Search code examples
javastringapache-commonsstring-comparisonlevenshtein-distance

Better compare string method


My question is What's the fastest (quality is important too, but a little less important) way to compare two strings?

I'm looking for the most efficient way to compare two strings. Some of the strings I'm comparing can be over 5000 characters long. I'm comparing a list of about 80 strings with another list of about 200 strings. It takes forever, even when I'm threading it. I'm using the StringUtils.getLevenshteinDistance(String s, String t) method from Apache Commons. My method follows. Is there a better way to do this?

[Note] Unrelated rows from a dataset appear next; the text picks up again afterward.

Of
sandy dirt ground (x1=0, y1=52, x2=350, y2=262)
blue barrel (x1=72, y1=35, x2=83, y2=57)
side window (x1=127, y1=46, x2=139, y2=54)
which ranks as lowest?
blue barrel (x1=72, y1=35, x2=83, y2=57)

private void compareMe() {
  List<String> compareStrings = MainController.getInstance().getCompareStrings();
  for (String compare : compareStrings) {
    int levenshteinDistance = StringUtils.getLevenshteinDistance(me, compare);
    if (bestScore > levenshteinDistance
          && levenshteinDistance > -1) {
      bestScore = levenshteinDistance; //global variable
      bestString = compare; //global variable
    }
  }
}

Here's a sample of two strings which should have a good score:

String 1:

SELECT 
CORP_VENDOR_NAME as "Corporate Vendor Name",
CORP_VENDOR_REF_ID as "Reference ID",
MERCHANT_ID as "Merchant ID",
VENDOR_CITY as "City",
VENDOR_STATE as "State",
VENDOR_ZIP as "Zip",
VENDOR_COUNTRY as "Country",
REMIT_VENDOR_NAME as "Remit Name",
REMIT_VENDOR_REF_ID as " Remit Reference ID",
VENDOR_PRI_UNSPSC_CODE as "Primary UNSPSC"
FROM DSS_FIN_USER.ACQ_VENDOR_DIM
WHERE VENDOR_REFERENCE_ID in 
(SELECT distinct CORP_VENDOR_REF_ID
FROM DSS_FIN_USER.ACQ_VENDOR_DIM
WHERE CORP_VENDOR_REF_ID = '${request.corp_vendor_id};')

String 2:

SELECT 
CORP_VENDOR_NAME as "Corporate Vendor Name",
CORP_VENDOR_REF_ID as "Reference ID",
MERCHANT_ID as "Merchant ID",
VENDOR_CITY as "City",
VENDOR_STATE as "State",
VENDOR_ZIP as "Zip",
VENDOR_COUNTRY as "Country",
REMIT_VENDOR_NAME as "Remit Name",
REMIT_VENDOR_REF_ID as " Remit Reference ID",
VENDOR_PRI_UNSPSC_CODE as "Primary UNSPSC"
FROM DSS_FIN_USER.ACQ_VENDOR_DIM
WHERE VENDOR_REFERENCE_ID in 
(SELECT distinct CORP_VENDOR_REF_ID
FROM DSS_FIN_USER.ACQ_VENDOR_DIM
WHERE CORP_VENDOR_REF_ID = 'ACQ-169013')

You'll notice the only difference is the '${request.corp_vendor_id};' at the end of the string. This would cause it to have a score of 26 from the LevenshteinDistance method.


Solution

  • You should think about possible shortcuts in your comparison logic to avoid some calculations at all. So if you want to minimize the Levensthein distance globally, you do not even need to calculate it, if the difference of the string sizes is higher than your current best Levenshtein distance.

    E.g. if your current best Levenshtein distance is 50, then you can avoid comparing two strings of size 100 and 180, because their Levenshtein distance is at least 80.